Concluding Saturday and Sunday, Galveston Historical Foundation’s annual Historic Homes Tour showcases one of the largest collections of Victorian homes west of the Mississippi. These houses represent our community’s unique history and perseverance in the face of major hurricanes and storms.

They also represent our future, bringing more than 7 million visitors each year, one of many important economic drivers that keeps us moving forward.

Sadly, our historic districts — as beautiful as they’re important — face a threat we must take notice of and stand up against. A local business has plans to begin the manufacturing and storage of a hazardous product right in the middle of these treasured homes.

And unfortunately, the real threat goes beyond the manufacturing operations — the product to be created and sold will put the lives of Texas children at risk from the first moment it hits store shelves across the state.

Owned and operated by former Galveston City Councilman Ralph McMorris, Lt. Blender’s Yogurt Technologies LLC is seeking legislative approval to produce and store powdered alcohol products right in the middle of historic Galveston, meaning flammable substances would be located beside homes that have stood in place for well over 150 years.

Would we be ready for the destruction that one spark could create?

But the real consequences of this entrepreneurial endeavor could prove even more tragic. Powdered alcohol, a sweet dehydrated form of alcohol that looks like Fun Dip candy and mixes like Kool-Aid, has raised alarming red flags for the potential threat it poses to youth.

Across the country, significant concerns have been rightly asserted about powdered alcohol leading to an increase in underage drinking, alcohol poisoning and car crashes. The flavored powder can be mixed with water, put on food, eaten by the spoonful and even inhaled. When added to other alcoholic beverages or when multiple packets are combined, alcohol levels could rapidly spike to exponentially higher — and more dangerous — levels.

So with minimal liquid, an underage minor could become highly intoxicated in minutes, placing his or her life and others at risk, especially behind the wheel of a car.

Because of these concerns 37 states have passed bans on powdered alcohol. It’s not produced or sold in stores anywhere.

In Texas, two bills, SB 455 and HB 849, have been filed that would legitimize this product, making it as legally acceptable as a regular alcoholic beverage even though its dangers are unique and far worse. Reassuringly, a broad-based coalition of community organizations and leaders, parents, educators, judges, law enforcement and even package stores and wine, beer and spirit distributors have united in smart opposition. Instead of these bills they’re advocating for the passage of HB 1610, which would make Texas the 38th state to ban powdered alcohol. Together, this coalition is fighting the good fight to save our children’s lives.
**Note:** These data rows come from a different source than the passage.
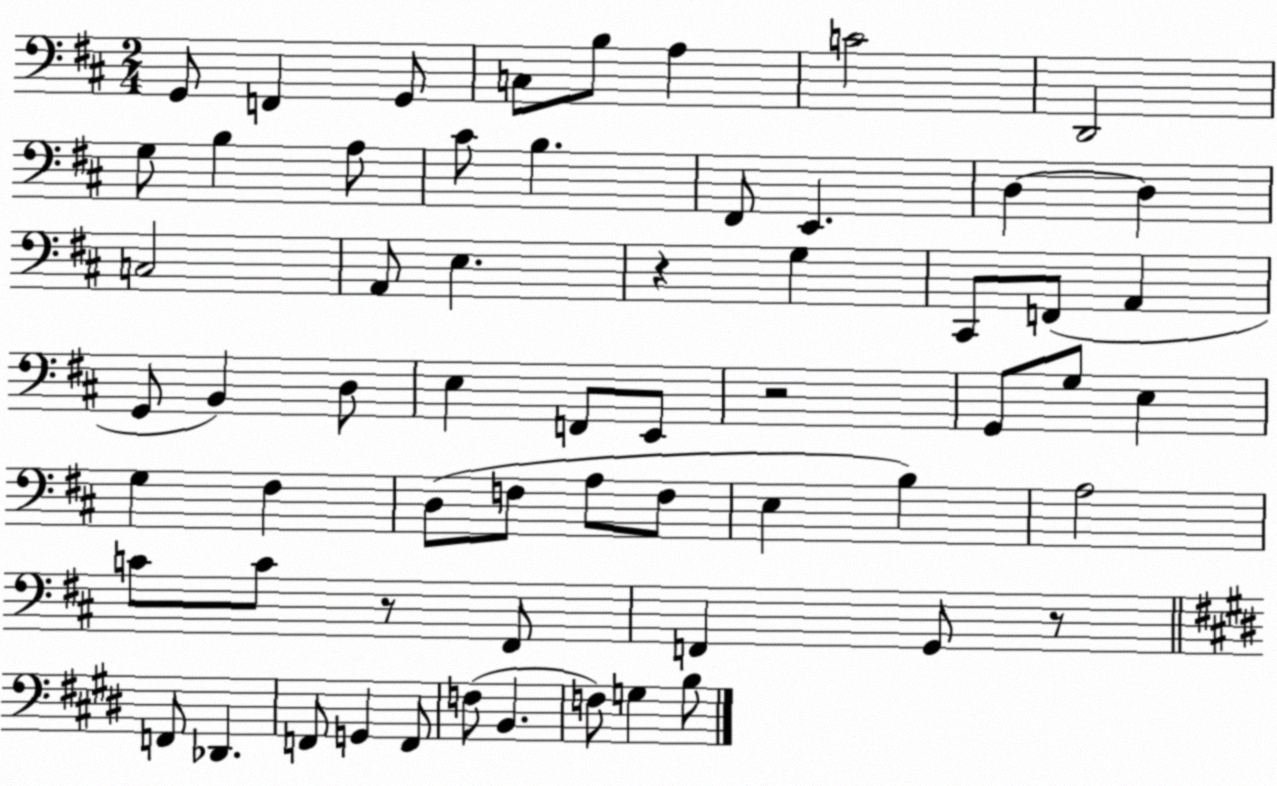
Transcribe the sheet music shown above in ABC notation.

X:1
T:Untitled
M:2/4
L:1/4
K:D
G,,/2 F,, G,,/2 C,/2 B,/2 A, C2 D,,2 G,/2 B, A,/2 ^C/2 B, ^F,,/2 E,, D, D, C,2 A,,/2 E, z G, ^C,,/2 F,,/2 A,, G,,/2 B,, D,/2 E, F,,/2 E,,/2 z2 G,,/2 G,/2 E, G, ^F, D,/2 F,/2 A,/2 F,/2 E, B, A,2 C/2 C/2 z/2 ^F,,/2 F,, G,,/2 z/2 F,,/2 _D,, F,,/2 G,, F,,/2 F,/2 B,, F,/2 G, B,/2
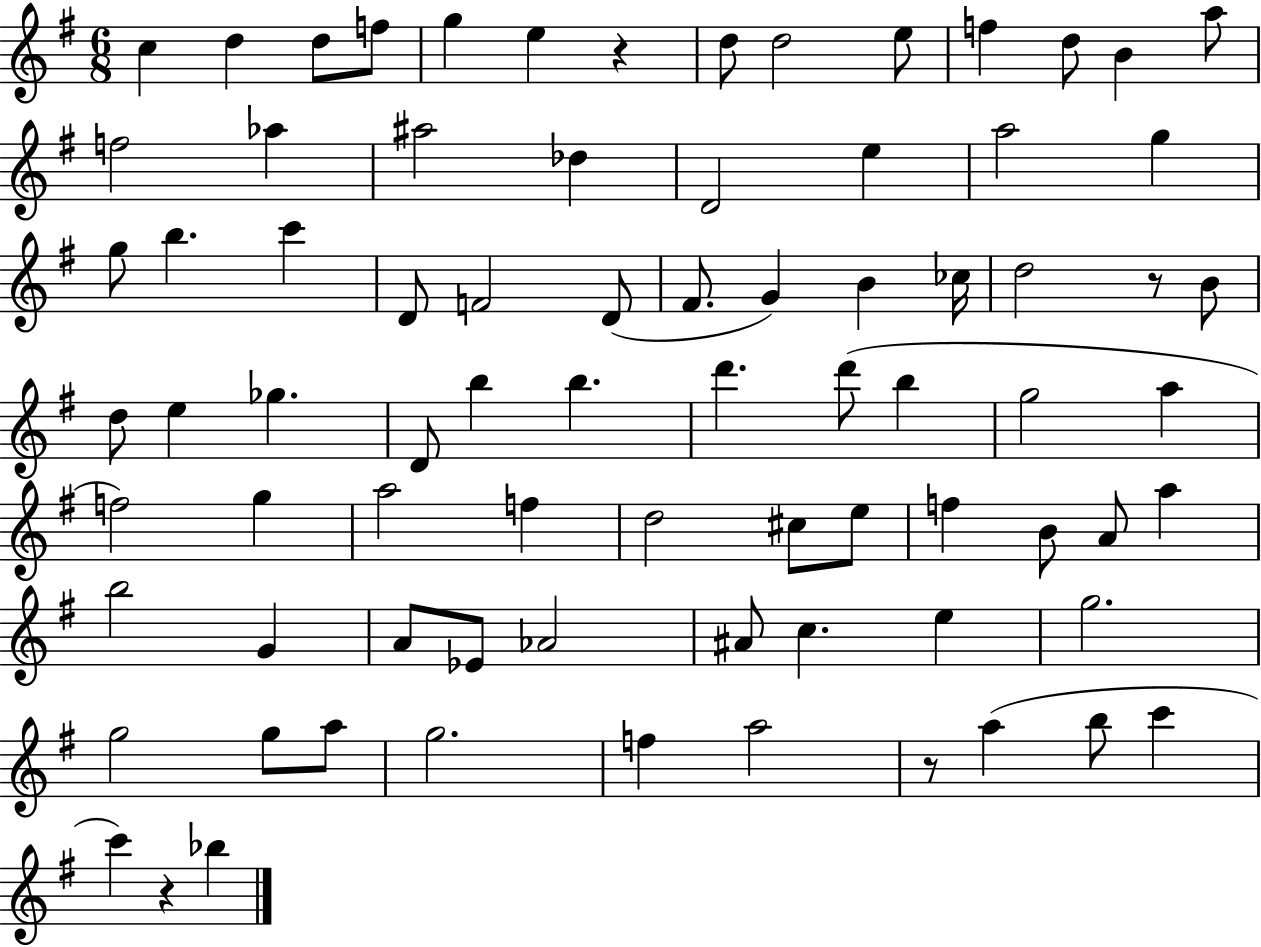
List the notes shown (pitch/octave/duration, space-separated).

C5/q D5/q D5/e F5/e G5/q E5/q R/q D5/e D5/h E5/e F5/q D5/e B4/q A5/e F5/h Ab5/q A#5/h Db5/q D4/h E5/q A5/h G5/q G5/e B5/q. C6/q D4/e F4/h D4/e F#4/e. G4/q B4/q CES5/s D5/h R/e B4/e D5/e E5/q Gb5/q. D4/e B5/q B5/q. D6/q. D6/e B5/q G5/h A5/q F5/h G5/q A5/h F5/q D5/h C#5/e E5/e F5/q B4/e A4/e A5/q B5/h G4/q A4/e Eb4/e Ab4/h A#4/e C5/q. E5/q G5/h. G5/h G5/e A5/e G5/h. F5/q A5/h R/e A5/q B5/e C6/q C6/q R/q Bb5/q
Manufacturing and selling this dangerous product has no place anywhere in Texas, especially not here in the heart of Galveston. We must take a stand before it’s too late. Please call your state legislators to vote yes on HB 1610 and vote no on SB 455 and HB 849.

Together, Galvestonians have overcome many disasters. Let’s not look back in the future to a time when we could have acted before a great fire occurred or a child was lost to powdered alcohol.
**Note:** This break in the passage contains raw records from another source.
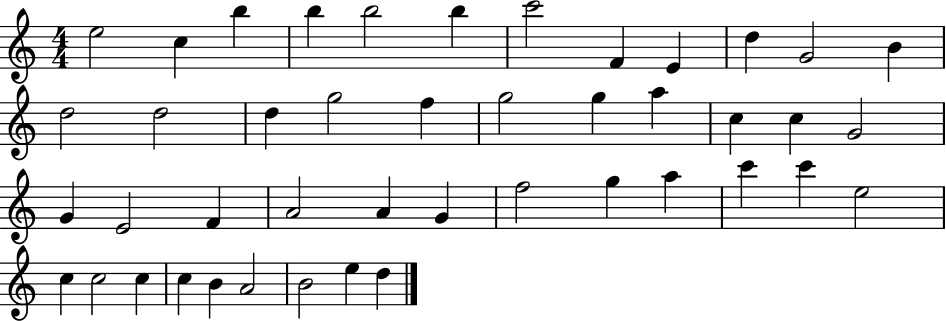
X:1
T:Untitled
M:4/4
L:1/4
K:C
e2 c b b b2 b c'2 F E d G2 B d2 d2 d g2 f g2 g a c c G2 G E2 F A2 A G f2 g a c' c' e2 c c2 c c B A2 B2 e d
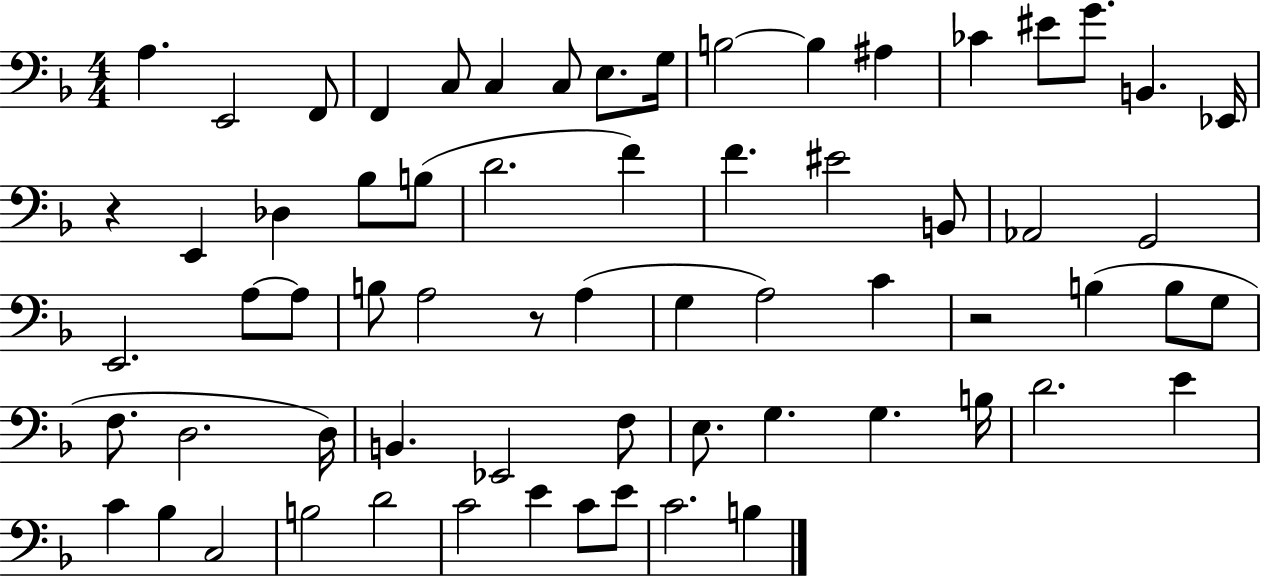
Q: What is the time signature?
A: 4/4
Kitty Allen is a longtime public health care advocate and a resident of Galveston’s Lost Bayou Historic District.


(2) comments

Jarvis Buckley

I agree

Carlos Ponce

"Together, Galvestonians have overcome many disasters. Let’s not look back in the future to a time when we could have acted before a great fire occurred or a child was lost to powdered alcohol."
The Great Fire of Galveston occurred on November 13, 1885 at 1:45 am. The fire started with a furnace left on at the Vulcan Foundry between 16th and 17th Street on the Strand. Forty blocks were destroyed encompassing 100 acres - mostly residences. 2500 Galveston residents became homeless.400 houses burned, no loss of life.